One of the time-tested rules of Branding 101 is: Steer clear of controversy. That maxim would surely seem to apply to the issue of transgender Americans, who’ve found themselves in the cultural crosshairs in recent months. According to the National Conference of State Legislatures, 16 states have considered so-called “bathroom bills” (which would restrict access to restrooms according to the gender on one’s birth certificate), and 14 have weighed legislation that would curtail transgender students’ rights in school. Earlier this year, the Trump administration revoked the federal protections of transgender students issued during President Obama’s time in office, drawing yet another line in the sand in the ever-evolving yet ever-contentious issue of LGBT rights.
So what brand would want to touch this cultural lightning rod? Well, MAC Cosmetics, for one. In fact, tonight, the popular beauty brand is essentially going to grab that lightning rod with a film called More Than T, a docuseries on the challenging yet frequently inspiring lives of seven transgender people. Showtime will air the program tonight at 7 p.m. EDT.
More Than T is appropriately titled—this isn’t a politically charged rehash of the issue stories that get 30 seconds on CNN every night. Instead, viewers meet strikingly ordinary people, including an actor, an attorney and even a minister, all of whom open up about what it’s like to navigate daily life in a gender other than the one they started their lives with.
“It’s not [about] the bathroom issue, but the everyday lives of trans folk,” said MAC svp Nancy Mahon, who spearheaded the project.
By focusing on those everyday lives of trans folk—not just their struggles, as one would expect a documentary of this sort to do—More Than T aims to present a side of the trans issue that’s often lost in news reports: the human side.
Viewers meet Louis Mitchell, a father, husband and minister in Springfield, Mass., and Joanna Cifredo, a Washington, D.C. policy analyst. There’s also Mia Yamamoto, a defense attorney in Los Angeles who was born in an internment camp and later served in Vietnam before transitioning.
“She was concerned that if she transitioned, it would negatively impact her cases or their outcomes,” explained Mahon, who went on to say that stories like these make the film “a human piece” at a time when all the talk about transgender people invariably swings to the political. “[The issue] is so much about exclusion and, somehow, inclusion [of] everyone is perceived as a special right. People just want to live their lives with dignity.”
So, More Than T isn’t your usual documentary, and it’s also not your usual piece of branded content. With a creative assist from agency partner Praytell, MAC was able to lure marquee director Silas Howard (of Amazon’s Transparent) and writer Jen Richards (creator of the Emmy-nominated Her Story), both transgender themselves, to create a feature that at 53 minutes is deservedly more suited to a network airing than a YouTube slot.

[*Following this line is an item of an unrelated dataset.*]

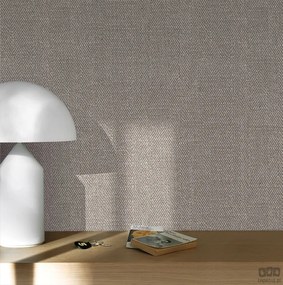 Halszálka hatású tapéta barna bézs, tapéta szerkezet nélkül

And while the documentary was funded by MAC, you won’t see brand plugs or not-so-subtle product placements. This is unbranded branded content, if you will, and the idea is this: If the issue is valid and the stories are compelling, viewers will make the necessary connections on their own.
“It’s not that we stand for this issue—it’s who we are,” Mahon said. “We took on a tough topic, [but] one of the things we know from our company is when you think different, you are different. The reality is that workplaces have been accepting and, particularly in the beauty industry, gender blurring and gender bending and different notions of beauty are a core to what companies like ours are about.”
To be sure, MAC products would have been a very easy to fit within the movie itself. Founded in 1984 by two gay men, the cult beauty brand’s very mission was to bring backstage-quality makeup to the masses. MAC has signed famous drag queen RuPaul to be its spokesperson, and its unapologetically jubilant Viva Glam campaign has featured the likes of Lady Gaga, Cyndi Lauper and “non-lipstick lesbian” K.D. Lang.
But MAC—or, more specifically, Mahon—chose to keep its lipsticks and liners out of the film, and this despite the obvious fact that makeup is essential for most trans women. The closest the movie gets to hanging out a shingle for MAC is a character named Gizelle Messina, who happens to work as a MAC makeup artist. Tie-ins like that would seem heaven-sent for any marketer, but Praytell founder Andy Pray explained that Mahon still held the line.
“It’s clear [that Giselle] is with MAC, and she’s wearing a necklace that’s MAC,” he said. “But the lens was very skeptical, and we wanted to have the courage to be unbranded. That’s Nancy’s courage. You can count brands on one finger that would do that.”
You can also count brands on one finger that would fund an hourlong documentary about people who change their gender, even at a time when two out of three Americans favor equal treatment for LGBT Americans on the job and in public accommodations. Mahon said that for MAC “inclusion is part of its business model from the very beginning, and it’s proven to be a brilliant business approach.” The movie, she said, is simply an extension of that.
“We wanted to tell the story of people who are trans, [and] we wanted to make sure it reflected the protagonists,” she said. “There’s a humanity and heroism to every character.”